My user page: That was a joke. Lava lamps was one time blanked and protected by WP:OFFICE and there was an ongoing controversy about lists of Jews. Funny how that ended up in the Sun.
Philosophy
I'm the kind of editor who will raise an article from stub or start class to B-class, but will leave GA or FA in the hands of other people. I've ascribed this to many reasons, including the fact that I pick weird and obscure topics that simply don't have the information to become comprehensive enough for Wikipedia's steadily rising standards. Because I do not feel I can write such articles, I do not feel qualified to vote on the FA process or pass GA nominations. This is why I simply reject GA nominations, open FA reviews, and comment on them, but do not vote on them.

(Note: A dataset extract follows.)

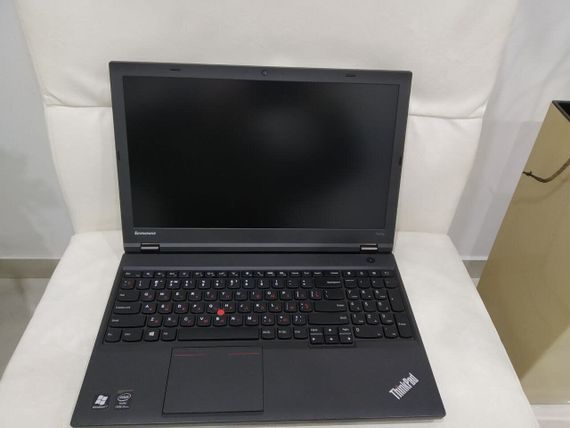 Ноутбук Б-клас Lenovo ThinkPad T540p / 15.6" (1920x1080) TN / Intel Core i5-4300M (2 (4) ядра по 2.6 - 3.3 GHz) / 16 GB DDR3 / 480 GB SSD / Intel HD Graphics 4600 / WebCam б/в | Зображення 2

The counter on the top of the page says I've been here for over 43 months, or three years, seven months. In that span, my interests have wildly flucated, the trends moving around far too much for me to notice. Even sticking to my intersts I've edited tokusatsu, anime, digital cameras, video games, films, and god knows how many articles other articels that I just randomly edited because I wanted to see what Wikipedia had to say about it (like A Chorus Line). As such, I no longer keep an updated list of contributions, but you can see User:hbdragon88/contrib back when I thought it was cool to track them down and my mainspace contributions.
We're here because we make the Internet not suck. I realize that sounds clichéd and I generally don't like what Jimmy Wales says, but trying to find other sources resulted in stuff of an even lower quality than Wikipedia purportedly produces. The best I found for A Chorus Line was a couple of small fan sites that had mostly been abandoned and were not informative in the least. They were ugly. They did not cite sources and were even more untrustworthy than Wikipedia was – at least anyone can edit here, and if there's a reference at the end of it, you can probably check it 90% of the time. For the rest, trust that the sources I find in academic databases are correct, or buy a subscription and check it yourself.